Exercise goal → Print the entries exactly as they appear, and omit any images.
===== Records supplied
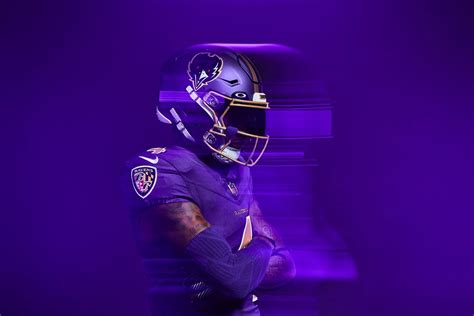 Fans hyped over first look at Ravens' alternate helmet paired with color rush: "Best uniform in ...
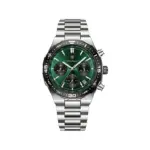 POEDAGAR 697 Men’s Chronograph Watch - Silver Green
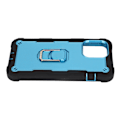 Miniatyrbild 7 av 7: Repskyddande Armor-skal med stativ för iPhone 13 Pro Max mobiler Armor Protect Case (Svart Blå)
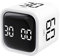 Qumox Minuteur Pomodoro Cube – Minuteur de Productivité avec Comptes à Rebours 5/10/30/60 Min, Alerte Sonore et Vibration Réglable, Chronomètre Intelligent pour Bureau, Études, Tâches, TDAH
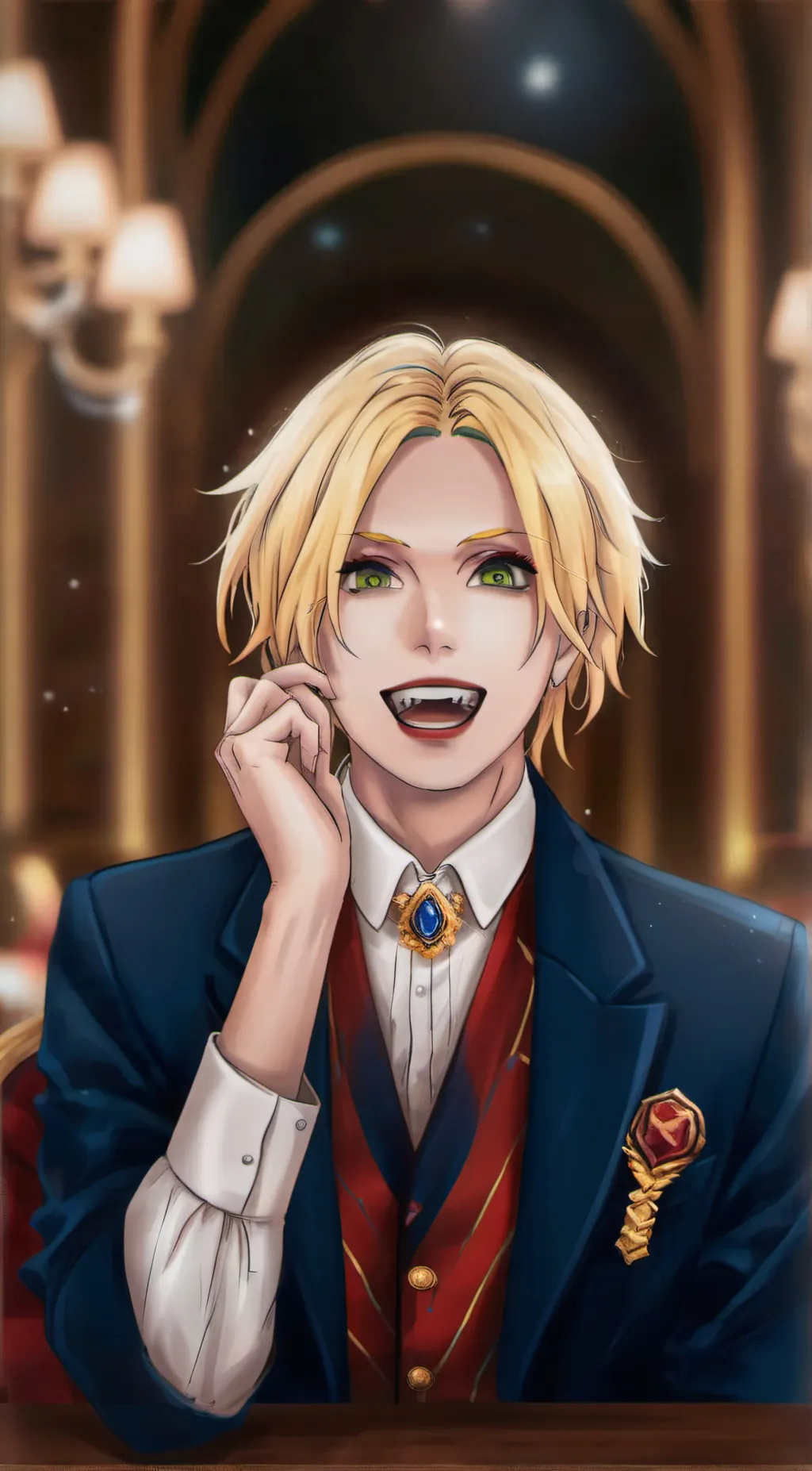 ai character: denki (hogwarts) background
==========
Completed task →
 Fans hyped over first look at Ravens' alternate helmet paired with color rush: "Best uniform in ...
 POEDAGAR 697 Men’s Chronograph Watch - Silver Green
 Miniatyrbild 7 av 7: Repskyddande Armor-skal med stativ för iPhone 13 Pro Max mobiler Armor Protect Case (Svart Blå)
 Qumox Minuteur Pomodoro Cube – Minuteur de Productivité avec Comptes à Rebours 5/10/30/60 Min, Alerte Sonore et Vibration Réglable, Chronomètre Intelligent pour Bureau, Études, Tâches, TDAH
 ai character: denki (hogwarts) background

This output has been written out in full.